FWIW - I have been going round and round trying toget tivo hd to play internet streams. Many times streams would start and play a few seconds then die. After that nothing would play without rebooting tivo. Tried Galleon and Tivo Desktop (Mac) and both exhibited same issues. Then I tried wmcbrine's pyTivo and BOOM.. every stream I throw at it plays beautifully! Thanks wmcbrine!


----------



## wmcbrine (Aug 2, 2003)

You're welcome, but honestly, I don't see why it would be any different. The TiVo does most of the work.

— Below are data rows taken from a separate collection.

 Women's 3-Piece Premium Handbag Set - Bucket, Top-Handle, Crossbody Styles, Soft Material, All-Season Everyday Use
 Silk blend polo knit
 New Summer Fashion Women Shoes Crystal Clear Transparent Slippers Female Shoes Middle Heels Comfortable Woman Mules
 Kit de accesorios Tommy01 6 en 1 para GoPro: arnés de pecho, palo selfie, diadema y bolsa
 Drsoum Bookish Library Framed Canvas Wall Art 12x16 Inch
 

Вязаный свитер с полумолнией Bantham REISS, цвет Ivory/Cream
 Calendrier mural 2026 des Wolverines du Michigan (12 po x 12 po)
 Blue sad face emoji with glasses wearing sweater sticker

And I can tell you for sure that the TiVo _can_ still get into a non-playing mode with pyTivo.


----------



## dwgsp (Aug 28, 2005)

This thread might be of help:

http://www.tivocommunity.com/tivo-vb/showthread.php?p=5135124#post5135124

/Don


----------



## beagledave (Mar 6, 2003)

bluehz said:


> FWIW - I have been going round and round trying toget tivo hd to play internet streams. Many times streams would start and play a few seconds then die. After that nothing would play without rebooting tivo. Tried Galleon and Tivo Desktop (Mac) and both exhibited same issues. Then I tried wmcbrine's pyTivo and BOOM.. every stream I throw at it plays beautifully! Thanks wmcbrine!

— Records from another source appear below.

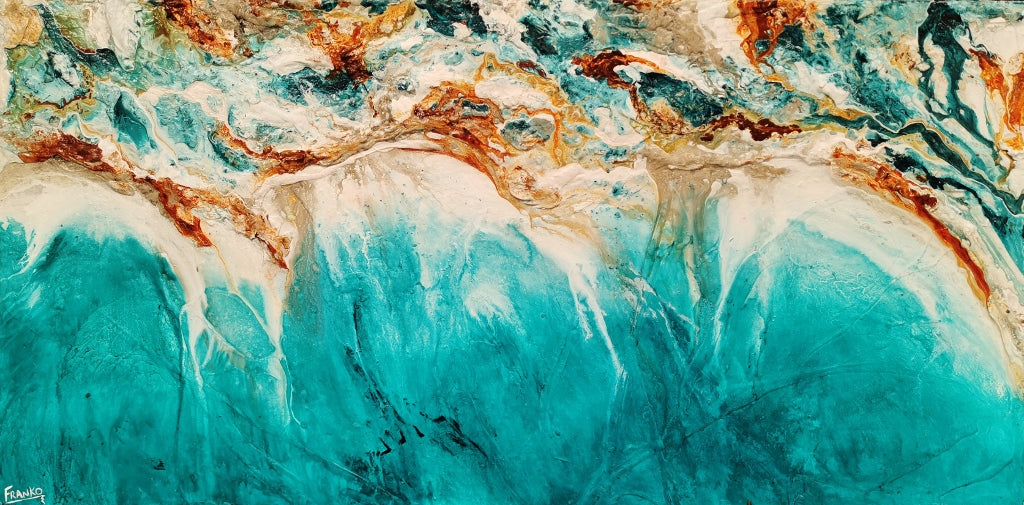 Ocean Surf Mist 240cm x 120cm Turquoise Rust White Textured Abstract Painting (SOLD)-Abstract-[Franko_Artist]-[Australian_artist]-[Gold_Coast]-[Brisbane]-[modern]-[contemporary]-[original]-[Large_artwork]-Franklin Art Studio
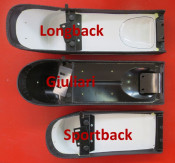 'Dante Sportback' sports seat (black + blue) Lambretta LI + TV + SX + Special + GP/DL +Serveta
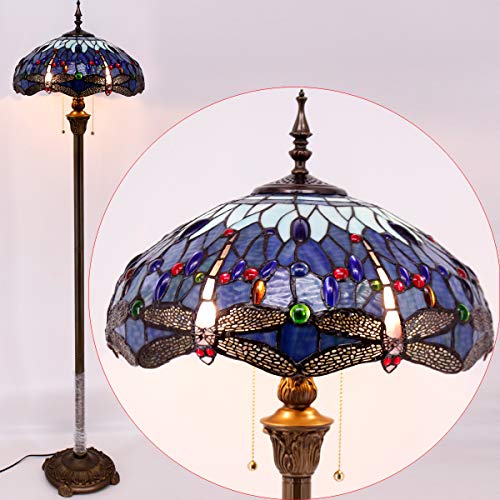 WERFACTORY Tiffany Dragonfly Blue Stained Glass Floor Lamp 16X16X64 Inches - S004 Series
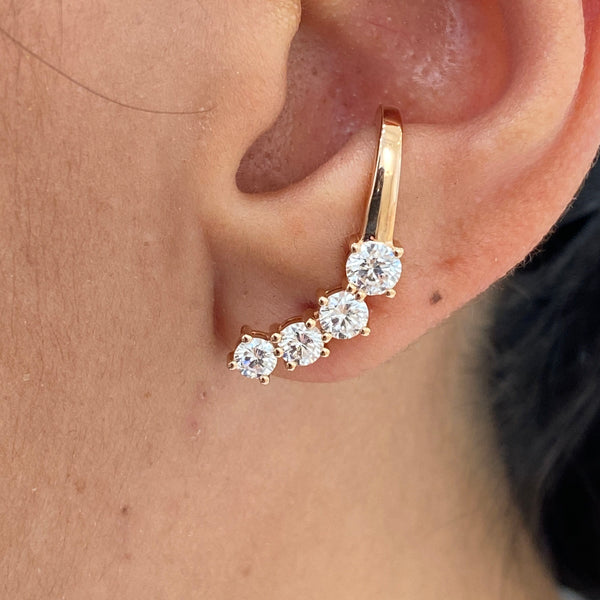 Climber Round Diamond Earrings 1.61 ct TCW , Rose Gold 14K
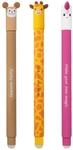 EBERHARD FABER 599039 - Tintenroller radierbar, 3 Animal Erase it Stifte, Affe,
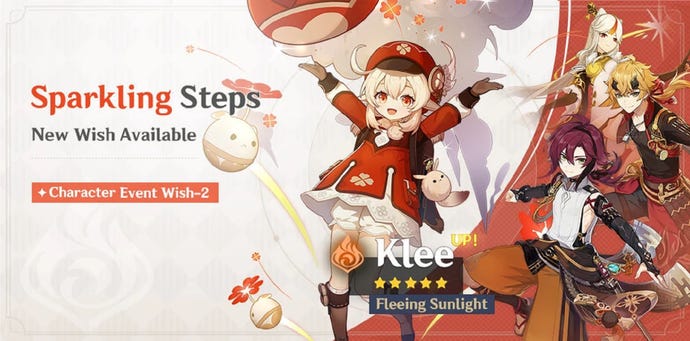 The Sparkling Steps banner from Genshin Impact as it appeared in July 2022, showing exclusive character Klee and featured characters Shikanoin Heizou, Ningguang, and Thoma.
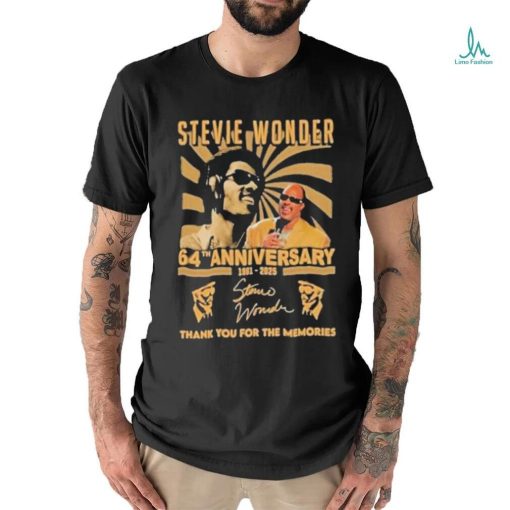 Original Stevie Wonder 64th Anniversary 1961 2025 Thank You For The Memories Signature T shirt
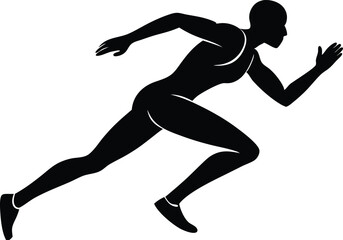 runner sprinting or running concept silhouette vector
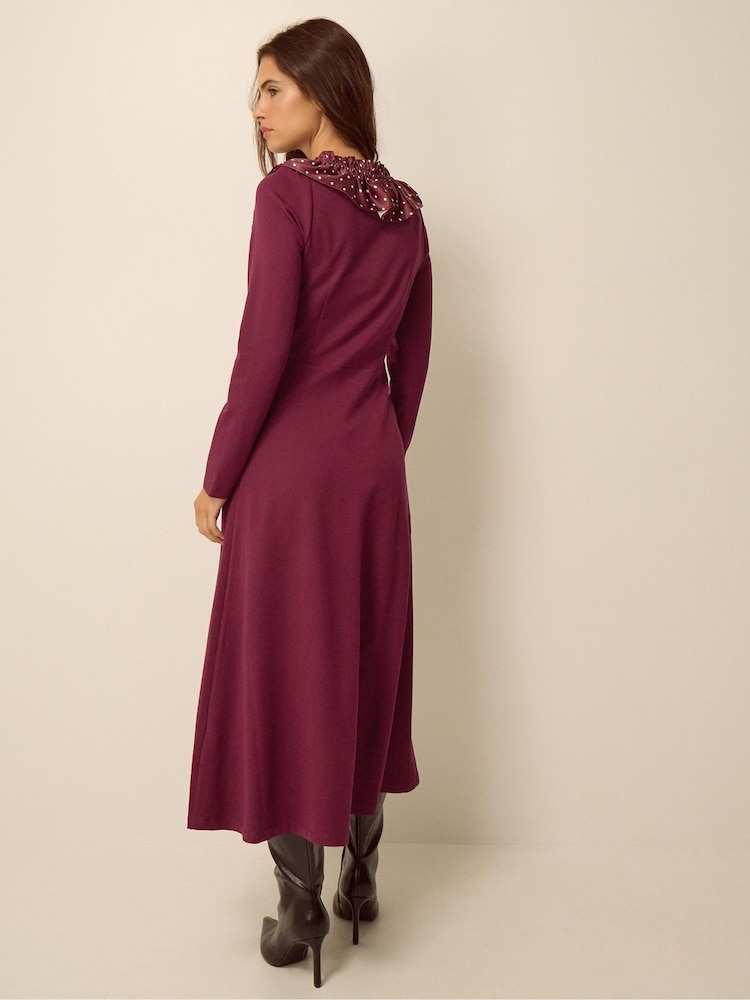 Monsoon Red Jaz Polka Dot Collar Jersey Midi Dress - Image 3 of 3 Monsoon Red Jaz Polka Dot Collar Jersey Midi Dress - Image 3 of 3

Same exact experience here. TiVo Desktop fails to work very well for me at all.

Galleon plays my iTunes mp3s quite well, but the Music App only streams internet radio stations for a few seconds before crapping out. pyTivo works great with any mp3 stream. If it only handled iTunes playlists


----------



## kflinch (May 19, 2004)

jayfest said:


> For anybody else that is reading, I have gotten TiVo Desktop to play internet versions of radio stations. I'm not sure why I didn't think of this before. Thanks, wmcbrine. I think TiVo ought to be more heavily promoting this TD feature, which allows you to play out-of-town or weak-signal radio stations through your TiVo. And while I'm at it, let me plug my two favorite radio stations that I am now listening to this way: WXPN in Philadelphia and WWOZ in New Orleans.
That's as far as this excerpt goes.